Cambodia’s inclusion on the list follows an FATF “mutual evaluation report” on its policies to counter money laundering (ML) and terrorism financing (TF) conducted in 2017.
The report contained several damning findings and observations, including that no money-laundering case had ever been prosecuted in Cambodia.
Cambodia’s judicial system had “high levels of corruption”, the FATF said in the report, adding:
“Cambodia has made minimal use of financial intelligence in investigating ML/TF.”
The Cambodian Financial Intelligence Unit did not supervise its booming casino and real estate sectors, long identified by organizations such as the United Nations Office on Drugs and Crime as highly exposed to money laundering by organized crime groups.
Cambodia had been removed from the FATF “grey list” in 2015, so the new listing would suggest it has been backsliding on efforts to counter money laundering.
CRITICISM
A more restricted financial environment comes as Cambodia is also facing the prospect of tougher trade conditions.
This month, the EU began a formal, 18-month process that could result in Cambodia losing its access to the EU’s “everything but arms” trade regime, which allows the world’s poor countries to sell goods, other than weapons, tariff-free into the 28-member bloc.
The EU warned Cambodia that it could lose the special status last year after Prime Minister Hun Sen’s ruling party won all of the seats in parliament in a general election.
The main opposition party was outlawed and its leader arrested before the vote.
Hun Sen’s government, who has ruled Cambodia since 1985, has also faced criticism for muzzling the media and free speech.

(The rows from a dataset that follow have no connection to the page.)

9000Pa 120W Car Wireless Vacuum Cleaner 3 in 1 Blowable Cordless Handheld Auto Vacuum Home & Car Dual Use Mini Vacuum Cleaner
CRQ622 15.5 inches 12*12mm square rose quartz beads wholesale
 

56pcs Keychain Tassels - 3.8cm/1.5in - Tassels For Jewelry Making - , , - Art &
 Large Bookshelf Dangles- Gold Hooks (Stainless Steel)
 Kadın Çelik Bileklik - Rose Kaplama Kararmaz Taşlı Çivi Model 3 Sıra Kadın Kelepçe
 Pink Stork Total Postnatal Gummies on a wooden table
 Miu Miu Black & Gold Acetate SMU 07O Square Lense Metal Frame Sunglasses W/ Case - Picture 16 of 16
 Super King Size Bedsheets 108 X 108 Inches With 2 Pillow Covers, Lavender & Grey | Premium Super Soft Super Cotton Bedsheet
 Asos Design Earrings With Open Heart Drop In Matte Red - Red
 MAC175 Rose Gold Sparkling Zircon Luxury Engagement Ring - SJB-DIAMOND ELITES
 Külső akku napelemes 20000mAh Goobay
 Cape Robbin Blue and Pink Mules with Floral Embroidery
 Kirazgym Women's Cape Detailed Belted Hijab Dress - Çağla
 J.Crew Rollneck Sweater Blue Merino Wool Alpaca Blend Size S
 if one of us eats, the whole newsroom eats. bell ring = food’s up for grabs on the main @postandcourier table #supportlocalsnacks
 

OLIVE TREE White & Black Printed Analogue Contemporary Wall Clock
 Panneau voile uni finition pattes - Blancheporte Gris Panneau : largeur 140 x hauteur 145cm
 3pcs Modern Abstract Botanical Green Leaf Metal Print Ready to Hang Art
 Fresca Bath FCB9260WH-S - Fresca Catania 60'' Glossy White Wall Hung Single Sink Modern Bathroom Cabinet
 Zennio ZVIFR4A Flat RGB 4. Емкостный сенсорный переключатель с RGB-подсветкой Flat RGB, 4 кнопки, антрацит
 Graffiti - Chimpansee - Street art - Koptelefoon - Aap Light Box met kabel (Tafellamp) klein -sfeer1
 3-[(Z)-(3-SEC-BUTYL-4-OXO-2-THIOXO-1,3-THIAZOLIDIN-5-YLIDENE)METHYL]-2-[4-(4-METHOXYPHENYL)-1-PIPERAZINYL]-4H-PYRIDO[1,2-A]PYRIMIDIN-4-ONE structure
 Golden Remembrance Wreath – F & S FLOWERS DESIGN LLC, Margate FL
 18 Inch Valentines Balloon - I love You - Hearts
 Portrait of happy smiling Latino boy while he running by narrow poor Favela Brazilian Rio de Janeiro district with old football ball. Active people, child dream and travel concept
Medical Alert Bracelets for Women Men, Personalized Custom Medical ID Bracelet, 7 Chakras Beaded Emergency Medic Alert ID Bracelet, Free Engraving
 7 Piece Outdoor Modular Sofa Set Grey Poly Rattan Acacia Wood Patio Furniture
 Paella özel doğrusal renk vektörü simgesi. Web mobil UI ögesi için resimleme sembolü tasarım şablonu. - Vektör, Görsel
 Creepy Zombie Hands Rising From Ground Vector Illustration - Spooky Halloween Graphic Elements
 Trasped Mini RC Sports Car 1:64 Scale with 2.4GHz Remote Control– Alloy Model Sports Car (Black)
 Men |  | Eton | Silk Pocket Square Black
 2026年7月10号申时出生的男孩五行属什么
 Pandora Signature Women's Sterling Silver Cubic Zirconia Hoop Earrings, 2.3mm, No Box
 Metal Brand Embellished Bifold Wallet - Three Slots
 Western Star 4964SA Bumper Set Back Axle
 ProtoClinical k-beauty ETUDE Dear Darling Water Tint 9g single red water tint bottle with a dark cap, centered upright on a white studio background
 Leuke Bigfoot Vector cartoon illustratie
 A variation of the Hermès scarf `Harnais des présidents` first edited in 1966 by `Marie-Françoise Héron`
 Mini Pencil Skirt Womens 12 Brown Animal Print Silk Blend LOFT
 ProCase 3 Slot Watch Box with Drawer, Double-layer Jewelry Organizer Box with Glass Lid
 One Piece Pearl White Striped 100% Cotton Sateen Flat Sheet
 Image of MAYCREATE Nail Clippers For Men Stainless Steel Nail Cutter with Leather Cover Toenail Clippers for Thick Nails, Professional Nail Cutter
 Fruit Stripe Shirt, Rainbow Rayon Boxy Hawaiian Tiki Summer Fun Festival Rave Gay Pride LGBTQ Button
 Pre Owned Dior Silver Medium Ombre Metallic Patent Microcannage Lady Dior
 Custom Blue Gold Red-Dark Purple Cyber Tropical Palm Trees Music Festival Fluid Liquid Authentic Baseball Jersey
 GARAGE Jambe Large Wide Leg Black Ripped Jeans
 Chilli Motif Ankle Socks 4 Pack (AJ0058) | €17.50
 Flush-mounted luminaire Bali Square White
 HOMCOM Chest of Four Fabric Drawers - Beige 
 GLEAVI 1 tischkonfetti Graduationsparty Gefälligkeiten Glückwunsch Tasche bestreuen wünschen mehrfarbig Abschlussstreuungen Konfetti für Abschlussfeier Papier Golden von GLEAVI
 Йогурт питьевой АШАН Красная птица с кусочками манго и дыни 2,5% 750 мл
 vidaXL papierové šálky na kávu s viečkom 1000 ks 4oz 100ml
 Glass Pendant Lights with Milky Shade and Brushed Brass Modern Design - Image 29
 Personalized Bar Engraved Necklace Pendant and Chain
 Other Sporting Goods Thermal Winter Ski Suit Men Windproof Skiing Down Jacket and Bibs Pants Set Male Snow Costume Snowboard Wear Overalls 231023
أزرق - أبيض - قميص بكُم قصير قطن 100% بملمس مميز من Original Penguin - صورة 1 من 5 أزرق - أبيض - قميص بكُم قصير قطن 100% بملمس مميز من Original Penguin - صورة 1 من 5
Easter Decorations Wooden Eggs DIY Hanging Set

The EU is Cambodia’s largest trading partner, accounting for 45 percent of its exports in 2018. Clothing factories there employ about 700,000 workers, and garments are a large share of exports to the bloc worth some 4.9 billion euros.
According to the FATF, there are 11 countries on the list.
North Korea and Iran are listed under a tougher regime, known as the “black list”, which calls on states to take active countermeasures against them, including in the case of North Korea limiting or prohibiting financial transactions.